Algo Trading

Was ist Algo Trading? – Algorithmischer Börsenhandel erklärt

Mit Algo Trading haben Trader die Möglichkeit ein automatisiertes Trading-System selbst zu erstellen. Dadurch geschieht die Orderausführung schnell und präzise und Trader müssen ihre Zeit nicht der ständigen Kontrolle widmen. Doch was ist Algo Trading überhaupt, welche Software bzw. Plattform eignet sich dafür und was sind die Vor- und Nachteile dabei? Im folgenden Artikel werden diese und weitere Fragen ausführlich behandelt.

Laptop auf einem Tisch, daneben ein Handy. Auf dem Laptop sind Programmierungen zu sehen.

Was ist Algorithmischer Handel?

Beim algorithmischen Handel bauen Trader selbst ein vollwertiges Handelssystem. Dabei setzen sie Algorithmen ein, die Trades nach bestimmten Bedingungen automatisch eröffnen oder schließen. Bedingungen können Variablen wie Preis, Zeit und Volumen betreffen. Ein Beispiel dafür ist die Kursbewegung des zugrunde liegenden Marktes. Die Trading-Algorithmen führen die Kauf- oder Verkaufsorder für den Trader aus.

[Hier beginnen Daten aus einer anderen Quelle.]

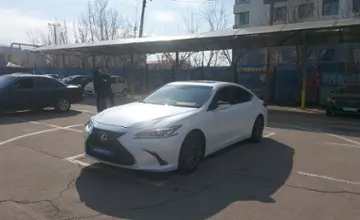 Lexus ES 2020 года за 18 000 000 тг. в Алматы фото 1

Das heißt sie führen nicht nur vorgegebene Orders aus, sondern sind auch in der Lage, eigenständig Orders zu erzeugen, wenn die Bedingungen mit den Vorgaben übereinstimmen.

So wird Zeit gespart, da das Programm nicht auf die ständige Kontrolle angewiesen ist und Händler den Markt nicht laufend im Blick haben müssen. Außerdem können neue Trading-Konzepte gründlich untersucht und Anlagechancen verbessert werden. Durch die Anwendung automatisierter Handelsanweisungen und zahlenbasierter Handelsstrategien kann sich der Mensch aus dem Handelsgeschehen weitgehend raushalten. Professionelle Algorithmische Trader nutzen meist Hochfrequenzhandelstechnologien. Diese erlauben es Unternehmen, Zehntausende Geschäfte pro Sekunde zu tätigen. Doch wie funktioniert der Algorithmische Handel eigentlich?

Wie funktioniert Algo Trading?

Um zu klären, wie Algo Trading funktioniert, widmen wir uns zunächst den Grundlagen. Den Begriff „Algorithmus“ hat vermutlich jeder schon einmal gehört. Dabei handelt es sich um eine Reihe von Anweisungen zur Lösung eines Problems. Händler nutzen bei der Programmierung ihrer eigenen Handelssysteme diese Algorithmen, um nach bestimmten Regeln zu handeln. So werden im Voraus spezifische Regeln bzw. Bedingungen für Kauf- und Verkaufsorder definiert und in die Software einprogrammiert. Sobald diese Bedingungen erfüllt sind, führt die Software automatisch den Handel aus.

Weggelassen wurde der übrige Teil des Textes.